▼
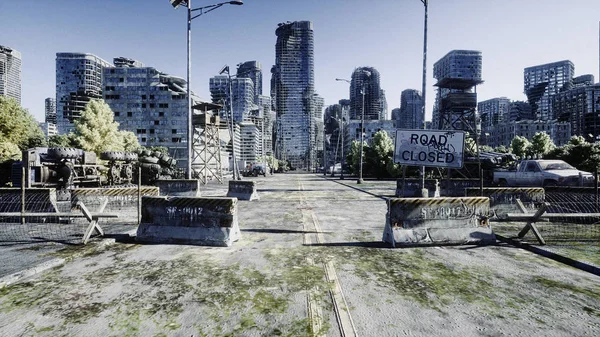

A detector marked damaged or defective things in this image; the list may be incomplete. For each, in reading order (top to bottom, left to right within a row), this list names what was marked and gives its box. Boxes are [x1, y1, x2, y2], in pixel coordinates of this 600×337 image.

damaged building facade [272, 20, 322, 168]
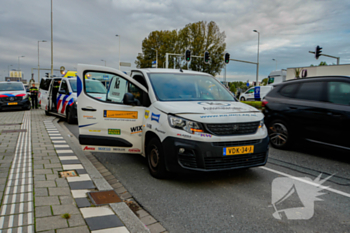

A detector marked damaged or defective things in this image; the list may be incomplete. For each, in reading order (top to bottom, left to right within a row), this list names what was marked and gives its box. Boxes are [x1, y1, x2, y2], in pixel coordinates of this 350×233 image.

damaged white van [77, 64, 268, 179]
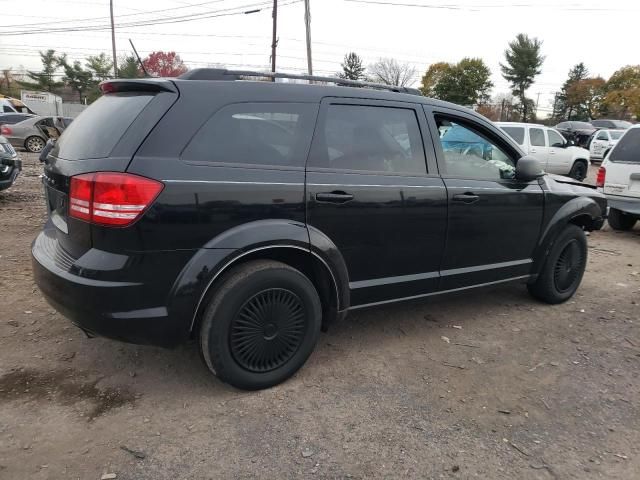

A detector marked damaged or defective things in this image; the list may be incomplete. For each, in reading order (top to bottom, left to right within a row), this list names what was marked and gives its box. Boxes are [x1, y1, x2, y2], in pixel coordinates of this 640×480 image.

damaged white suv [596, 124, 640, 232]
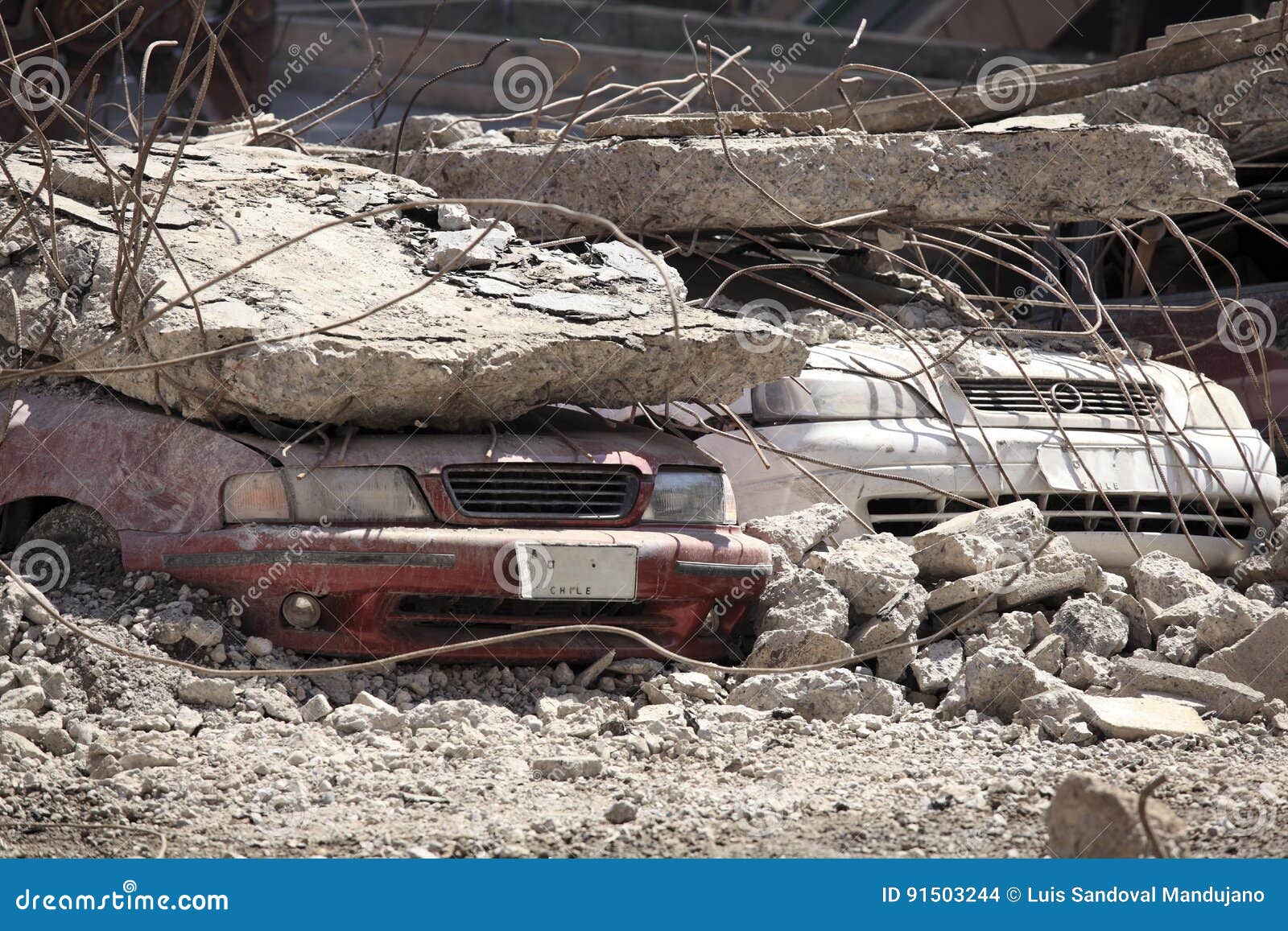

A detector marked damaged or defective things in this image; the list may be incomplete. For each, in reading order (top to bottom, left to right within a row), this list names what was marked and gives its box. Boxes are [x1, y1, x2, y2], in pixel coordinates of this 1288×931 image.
▲
▼
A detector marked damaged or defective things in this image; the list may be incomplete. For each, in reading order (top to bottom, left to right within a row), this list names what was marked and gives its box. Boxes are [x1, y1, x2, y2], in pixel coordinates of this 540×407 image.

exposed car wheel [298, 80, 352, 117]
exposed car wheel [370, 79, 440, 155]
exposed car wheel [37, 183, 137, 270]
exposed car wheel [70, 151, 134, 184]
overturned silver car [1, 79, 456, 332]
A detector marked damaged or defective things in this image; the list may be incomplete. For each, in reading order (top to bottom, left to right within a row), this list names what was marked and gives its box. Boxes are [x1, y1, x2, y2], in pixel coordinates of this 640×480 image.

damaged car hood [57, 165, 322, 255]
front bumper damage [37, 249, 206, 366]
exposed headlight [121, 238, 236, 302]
▲
- Action item -
The copy should hold exactly the lines above from the one with "this 600×337 image." through the one with "this 1288×931 image.", both ends counted, and no pictures at all.

- Answer box -
A detector marked damaged or defective things in this image; the list may be incomplete. For each, in reading order (top to bottom, left to right within a row), this list names what was marked and gives its box. Boxes are [x1, y1, x2, y2], in pixel coordinates of this 600×337 image.

damaged building facade [272, 20, 322, 168]

A detector marked damaged or defective things in this image; the list may be incomplete. For each, in reading order (top to bottom, left to right within a row), this list names what was marked and gives its box. Boxes are [x1, y1, x2, y2], in pixel coordinates of this 350×233 image.

damaged white van [77, 64, 268, 179]

A detector marked damaged or defective things in this image; the list may be incomplete. For each, in reading order (top to bottom, left to right within a row), this list names what was marked and gives its box. Boxes are [x1, y1, x2, y2], in pixel coordinates of this 640×480 image.

damaged white suv [596, 124, 640, 232]

A detector marked damaged or defective things in this image; the list may be incomplete. For each, in reading order (top to bottom, left to right within a row), this list names what was marked and gives its box. Boxes are [x1, y1, x2, y2], in pixel coordinates of this 1288×931 image.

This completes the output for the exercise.